The Deception by Taylor Blakemore Kim

The Deception by Taylor Blakemore Kim

Author:Taylor Blakemore, Kim
Language: eng
Format: epub
Publisher: Lake Union Publishing
Published: 2022-09-27T00:00:00+00:00


Chapter Sixteen

CLEMENTINE

Russell held his hands to his chest, waiting just inside the attic door for Clem to look up from the table. It annoyed her; it was a telltale sign he’d left some responsibility by the wayside and now wanted to give penance for mucking things up.

“What have you done?”

“Why would you think I’ve done something?”

“You’re in your servile mode. So you’ve done something.”

“I am offended at the implication.”

“Hm.”

“I’ve merely brought the post.”

She flipped down the jeweler’s loupe to return to her task. She was in need of a cog. She scanned the materials arrayed on the table before her. A neat row of inks, a tidily stacked ream of paper. Coils in one box, pins and gears in two others. Another filled with the tin bodies of canaries and finches and a blue jay—all awaiting feathers. She’d glue them on at some point. Wings stored by size in a small cabinet. A mannequin’s arm. A hand missing two plaster fingers. Four sets of glass eyes in blue, brown, green, and topaz. The shell of a woman’s face leaned against a pile of books that had been removed from a crate. The jaw sat to the left of the mannequin’s cheek.

Russell cocked his eyebrow and glared at the table. “You’re working on that again?”

“I am.”

The automaton. Russell never called it by its name. He referred to it as “The Thing” and as her “ghastly pastime.” He prayed to all gods and devils it would never reach completion. Sometimes she feared the same, for no matter the drawings and plans she pored over late at night, there was always another coil or spring or tack or ratchet wheel needed.
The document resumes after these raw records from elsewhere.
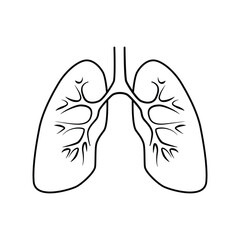 Detailed lungs isolated on white background. Minimalist line art lungs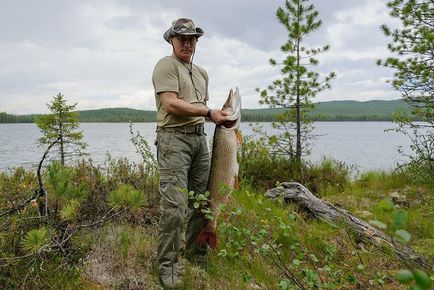 Ловля щуки в жовтні як ловити щуку, яка блешня і воблер краще для лову щуки в жовтні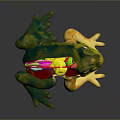 Frog Poison Frog Game Frog Reptile Cold Blooded Animal Reptile 3d model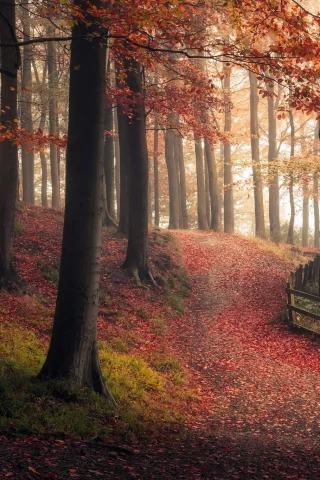 Парк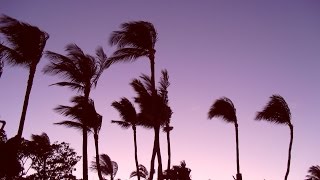 Freshly Baked 017 - Chill / Instrumental Hip Hop - Mix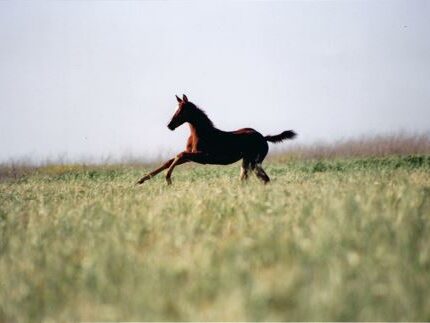 Cheyenne the horse running free in a field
My crowning glory, she said. One day, she also said. The one day was nearly here.

“Why can’t you work on the mechanical birds?”

“They’re simple.” She pinched a cog that had found its way to the box of spindles and held it out. Too large. “They’re amusements.”

“I’m fond of them.” He took a seat on a trunk across from her.

“Amandine is better.”

“You’ve named the thing.”

“I have.”

“You’ll scare the sitters into the grave with that.”

“Not the grave, Russell. We do need a live audience. To pay the bills.”

He sat on a trunk and held up a bundle of letters. “And I think we’re well on the way. The sittings have gone well, don’t you think?”

“They’re getting stale.”

“That’s only because that Sullivan fellow continues to sob his way through them.”

“I haven’t found his dead wife. She’s not in my book. She’s not in a graveyard, at least not here. I think we should put him off.”

“He’s coming tonight, I’m afraid.”

“I’m tired of posing as Mouse’s cousin. And you set off that flash pot too near the ferns last night. I saw your arm. Simplicity, Russell. If we could just have simplicity.”

“You keep calling out for some Sister Matilda—in fact, you cry out so often you step right on Maud’s meditation. You don’t even give her a chance, and I’ve barely wound in the catgut before you’re on to another effect.